Migration seems to be the current challenge par excellence for existing disciplines: migration stands for displacement, change, transition; for historical phases, connections, places and spaces. These are all themes that cannot be adequately theorised within individual disciplines, whether in anthropology or sociology, human geography, gender studies or political science. As a field of research, migration is necessarily interdisciplinary given global empirical realities. According to the International Organisation for Migration (IOM), there were one billion people moving in 2011, which amounts to 7% of the entire global population. Estimates foresee this number doubling by the end of the century. The numbers fail to capture the extent of the effects of migration – its transformative influence on the very principles, and on the concrete constitution of politics, culture, economy and society. Through debates seeking to contribute to discipline-specific expertise and strengthening of interdiscplinary networks, the summer school engages the central challenges these social developments pose for research. The aim is to further an understanding of the ‚bigger picture‘, i.e. the geographic, climatic, political and social dimensions of migration, while also placing the very subjects of migration at the center, precisely because it is the social groups, subjectivities, identities and belonging that shape this bigger picture.
Expanding the Margins builds on our previous summer school, Teaching the Crisis, that took place in September 2013. The theme of migration follows on from our initial focus on the crisis in Europe. On the one hand, we are concerned with concrete empirical phenomena in the context of the continuing debt and financial crisis that has led – especially in Europe – to an increase in mobility. On the other hand, population movements always go hand in hand with a break or with the destruction of the social fabric. Migration is always connected to crisis processes, both for migrants themselves as well as for the societies they arrive in.

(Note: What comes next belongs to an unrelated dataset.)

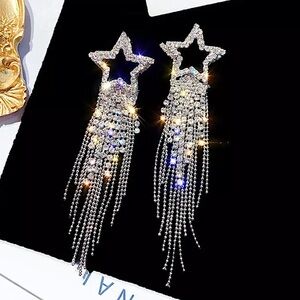 Silver Rhinestone 18k White GP Star Tassel Earrings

Here, an empirical analysis of specific social practices allows for the conceptualization of crisis to be narrowed down to a smaller field. At the same time, migration is a praxis that cannot be understood merely as the effect of an economic fall-out. Migration also has both creative and socially constitutive dimensions. As such, it allows for an opening up of the conceptualization of crisis away from its purely negative designation (understood as the descent into crisis of a given social order) towards an understanding that is dynamic and processual. This constitutive praxis, for instance the production of transnational social spaces, is equally its Europeanizing dimension.